Lo que plantea el film de Kore-eda va más allá de la típica historia de la niñez abandonada. Hay algo en Nadie sabe que trasciende la mera denuncia social para poner el acento en cambio en una suerte de pequeña utopía infantil, que el film transmite de una manera muy calma y, al mismo tiempo, muy poderosa. El director tampoco se ocupa de repartir culpas: la madre, por razones que la película se cuida muy bien de explicar, ha tenido sin duda una vida difícil y carga con cuatro hijos de distintos padres. Ninguno va al colegio y tres de ellos están de polizones en un departamento cuyo propietario –como muchos en Tokio, según deja inferir la película– no estima demasiado a los niños, porque se supone que son ruidosos y molestan a los otros inquilinos. Después de varias ausencias prolongadas, la madre un día deja el departamento a cargo de Akira, el hijo mayor, aparentemente con la idea de formar otra pareja y de volver más adelante a buscarlos. Pero los días pasan, las estaciones –siempre tan importantes en el concepción del tiempo que tienen los japoneses– van cambiando y los dos varones y las dos nenas deben arreglarse solos, sin la ayuda de nadie, salvo algunos pocos adolescentes, que llegan a conocer la situación y no les parece que tenga algún sentido pedir el auxilio de los adultos.

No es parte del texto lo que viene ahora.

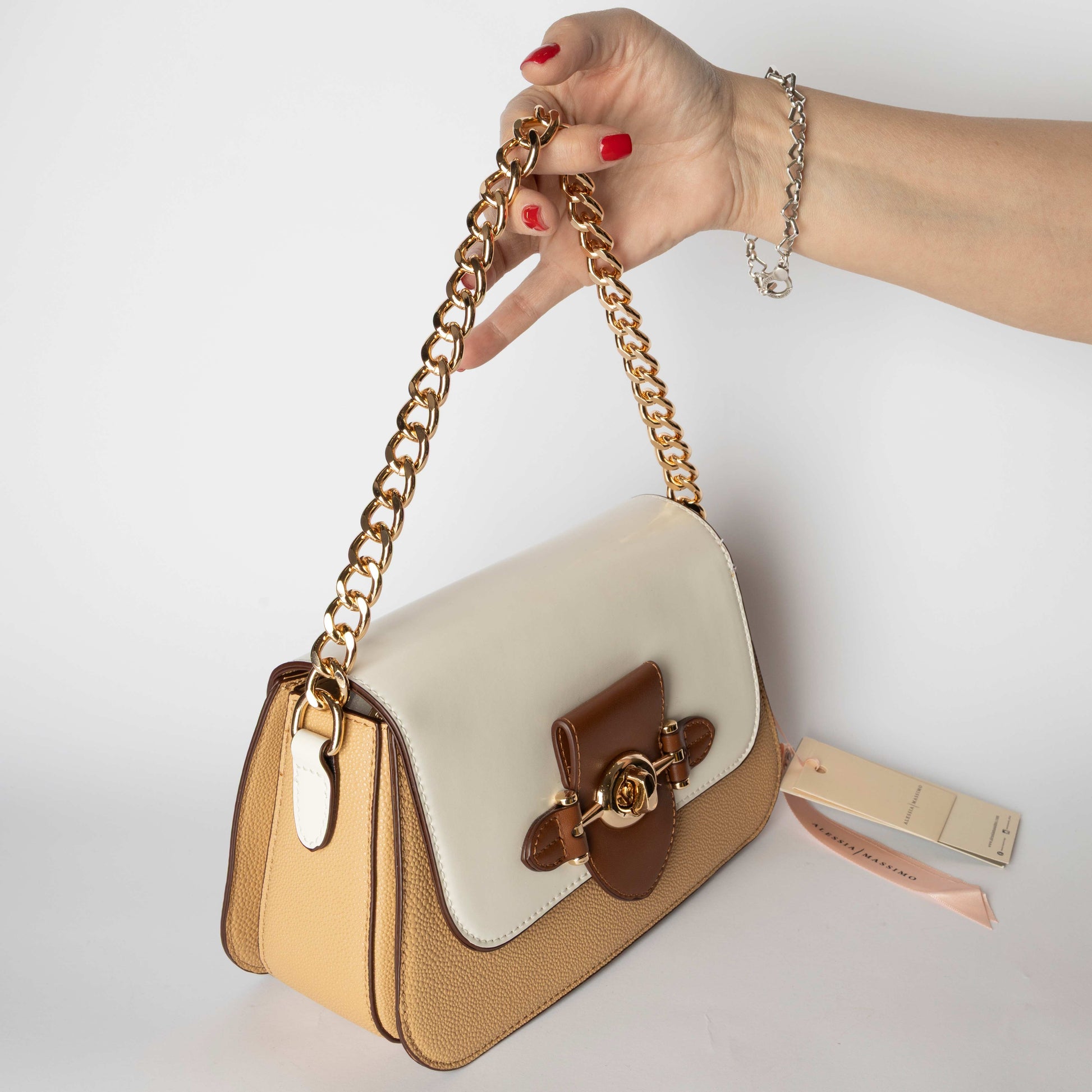 Borsa Tracolla Bicolor con Catena Oro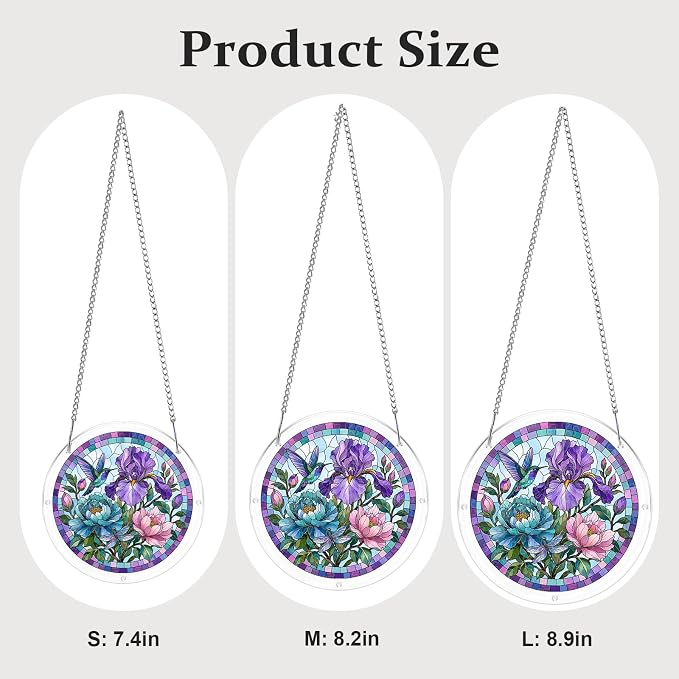 Acrylic Puzzle Suncatcher, Sun Catchers Puzzle for Window Hanging | 8.2 Inch Iris Floral DIY Suncatcher Puzzle for Adults, Ideal Gifts for Women, Men, Wife, Mom, Home & Garden Decor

La falta de agua corriente, de gas, de electricidad y aun de comida van dejando paulatinamente de ser un problema sin solución. De una u otra manera, los chicos se las ingenian para sobrevivir y van formando lazos cada vez más fuertes entre ellos. No reniegan del mundo exterior, pero sí del mundo adulto, del que están seguros que no tiene nada para ofrecerles, salvo una amable indiferencia. Lo notable del film de Kore-eda es la manera en que consigue narrar su historia, con una sensibilidad que no tiene nada de sentimentalismo o sensiblería, como si se hubiera dejado guiar en su tono –seco, preciso– por el de sus pequeños actores, que van madurando frente a la cámara, que los va esculpiendo en el tiempo.
El tiempo es también el tema central de Salvador Allende, el sólido documental del realizador chileno Patricio Guzmán, que ha dedicado casi toda su obra al mismo tema y que ahora vuelve a abordarlo desde una nueva perspectiva. El director de las tres partes de La batalla de Chile y de El caso Pinochet vuelve aquí una vez más a Santiago y expone ante la cámara los únicos, los últimos objetos que se conservan del legendario presidente chileno: su reloj, su billetera vacía, su carnet del Partido Socialista, los restos de sus consabidos anteojos, que parecían formar parte inherente de su rostro. A partir de allí, Guzmán comienza a rascar obstinadamente las costras en la memoria reacia de la sociedad chilena y recupera la figura de un estadista que fue capaz de liderar un hecho inédito en los años de fuego de América latina: una revolución socialista por la vía democrática.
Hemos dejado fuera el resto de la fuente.